ECLI:NL:HR:2024:546

Hoge Raad

Datum uitspraak
5 april 2024
Publicatiedatum
4 april 2024
Zaaknummer
22/01299
Instantie
Hoge Raad
Type
Uitspraak
Procedures
  • Cassatie
Vindplaatsen
  • Rechtspraak.nl
AI samenvatting door LexboostAutomatisch gegenereerd

Cassatie tegen uitspraak van het Gemeenschappelijk Hof van Justitie van Aruba inzake teruggaaf van omzetbelasting

In deze zaak heeft [X] B.V. (hierna: belanghebbende) beroep in cassatie ingesteld tegen de uitspraak van het Gemeenschappelijk Hof van Justitie van Aruba, Curaçao, Sint Maarten en van Bonaire, Sint Eustatius en Saba, gedateerd 10 februari 2022, met nummer CUR2019H00405. Dit hoger beroep volgde op een eerdere uitspraak van het Gerecht in eerste aanleg van Curaçao (BBZ nr. CUR201802920) die betrekking had op een verzoek van belanghebbende om teruggaaf van omzetbelasting. De Hoge Raad heeft de klachten van belanghebbende over de uitspraak van het Hof beoordeeld en geconcludeerd dat deze klachten niet kunnen leiden tot vernietiging van de uitspraak. De Hoge Raad heeft daarbij geen motivering hoeven geven voor zijn oordeel, aangezien de vragen die aan de orde zijn niet van belang zijn voor de eenheid of de ontwikkeling van het recht, zoals bedoeld in artikel 81, lid 1, van de Wet op de rechterlijke organisatie. De Hoge Raad heeft ook geen aanleiding gezien om een veroordeling in de proceskosten uit te spreken. Uiteindelijk heeft de Hoge Raad het beroep in cassatie ongegrond verklaard. Dit arrest is uitgesproken in het openbaar op 5 april 2024 door de vice-president M.E. van Hilten, samen met de raadsheren E.N. Punt en M.A. Fierstra, in tegenwoordigheid van de waarnemend griffier E. Cichowski.

Uitspraak

HOGE RAAD DER NEDERLANDEN
BELASTINGKAMER
Nummer22/01299
Datum5 april 2024
ARREST
in de zaak van
[X] B.V. (hierna: belanghebbende)
tegen
de MINISTER VAN FINANCIËN VAN CURAÇAO
op het beroep in cassatie tegen de uitspraak van het Gemeenschappelijk Hof van Justitie van Aruba, Curaçao, Sint Maarten en van Bonaire, Sint Eustatius en Saba van 10 februari 2022, nr.
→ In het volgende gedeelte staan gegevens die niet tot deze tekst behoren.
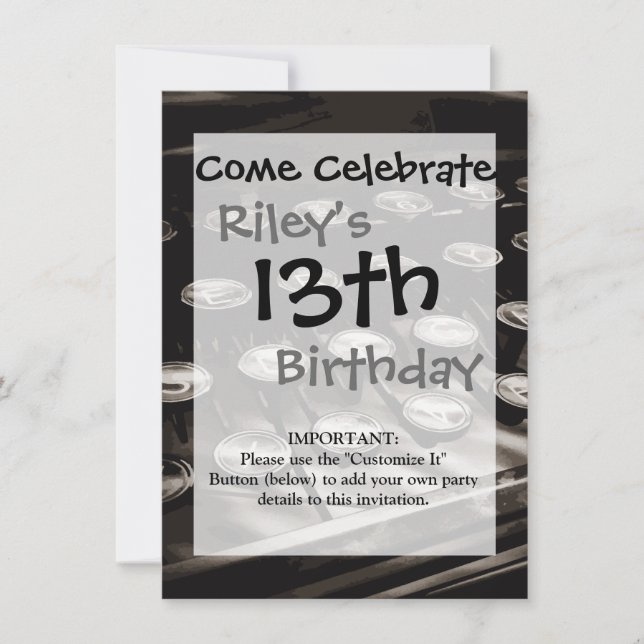 Old Antique Typewriter Keys Black White Invitation (Front)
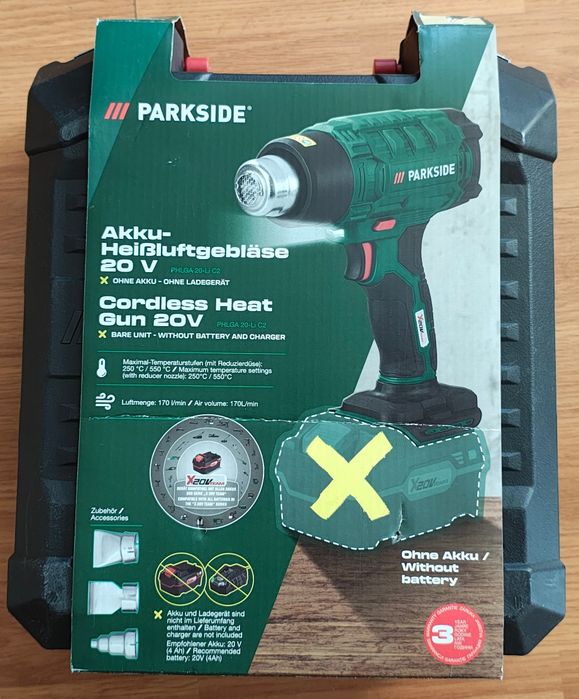 Pistol cu aer cald Parkside 20 V 3 ani garantie fara acumulator și inc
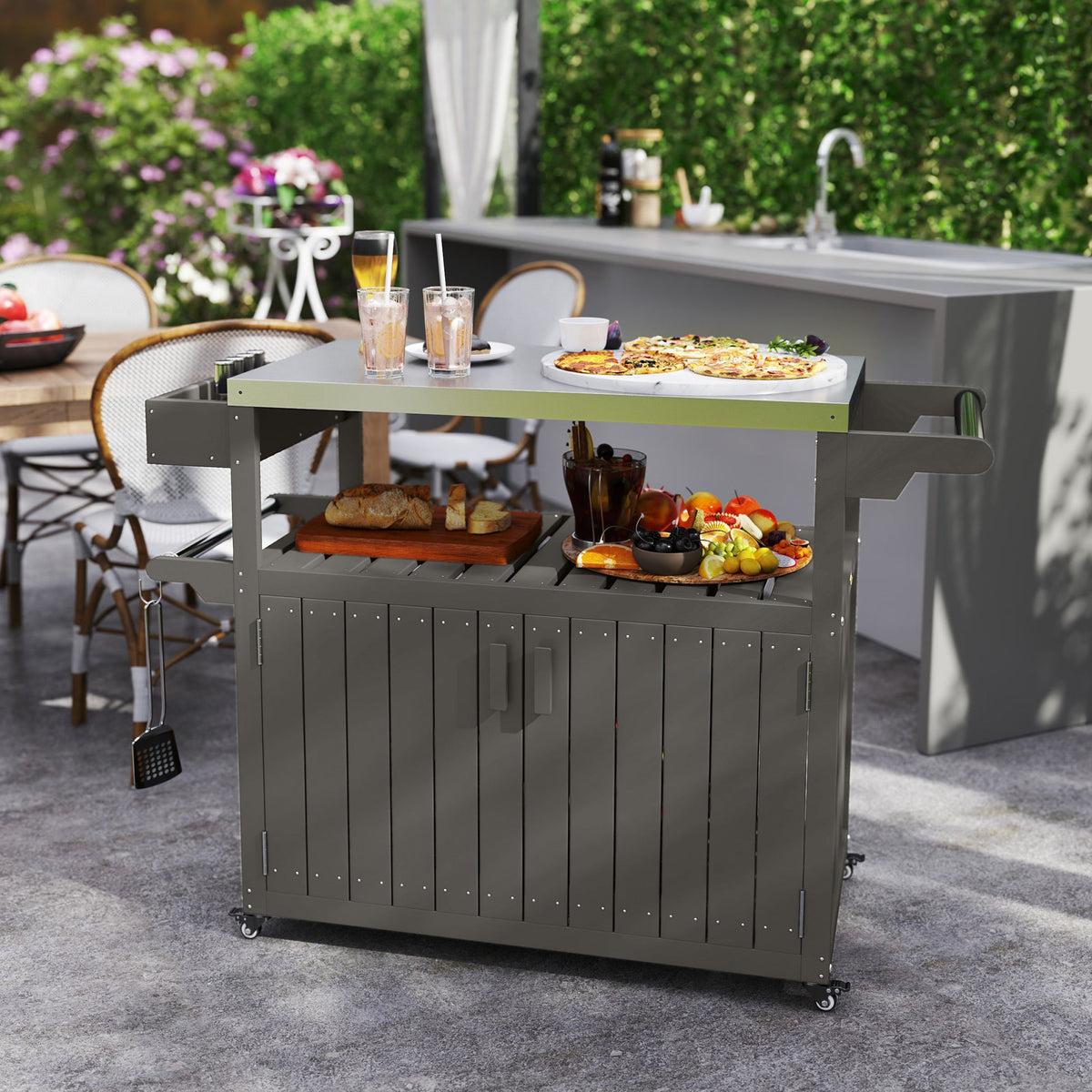 Outdoor Bar Cart with Storage Cabinet, Dark Gray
CUR2019H00405, op het hoger beroep van belanghebbende tegen een uitspraak van het Gerecht in eerste aanleg van Curaçao (BBZ nr. CUR201802920) betreffende een ten aanzien van belanghebbende gegeven beschikking op een verzoek om teruggaaf van omzetbelasting.

1.Geding in cassatie

Belanghebbende, vertegenwoordigd door Y.E.J. Geradts, heeft tegen de uitspraak van het Hof beroep in cassatie ingesteld.

2.Beoordeling van het middel

De Hoge Raad heeft de klachten over de uitspraak van het Hof beoordeeld. De uitkomst hiervan is dat deze klachten niet kunnen leiden tot vernietiging van die uitspraak. De Hoge Raad hoeft niet te motiveren waarom hij tot dit oordeel is gekomen. Bij de beoordeling van deze klachten is het namelijk niet nodig om antwoord te geven op vragen die van belang zijn voor de eenheid of de ontwikkeling van het recht (zie artikel 81, lid 1, van de Wet op de rechterlijke organisatie).

3.Proceskosten

De Hoge Raad ziet geen aanleiding voor een veroordeling in de proceskosten.

4.Beslissing

De Hoge Raad verklaart het beroep in cassatie ongegrond.
Dit arrest is gewezen door de vice-president M.E. van Hilten als voorzitter, en de raadsheren E.N. Punt en M.A. Fierstra, in tegenwoordigheid van de waarnemend griffier E. Cichowski, en in het openbaar uitgesproken op 5 april 2024.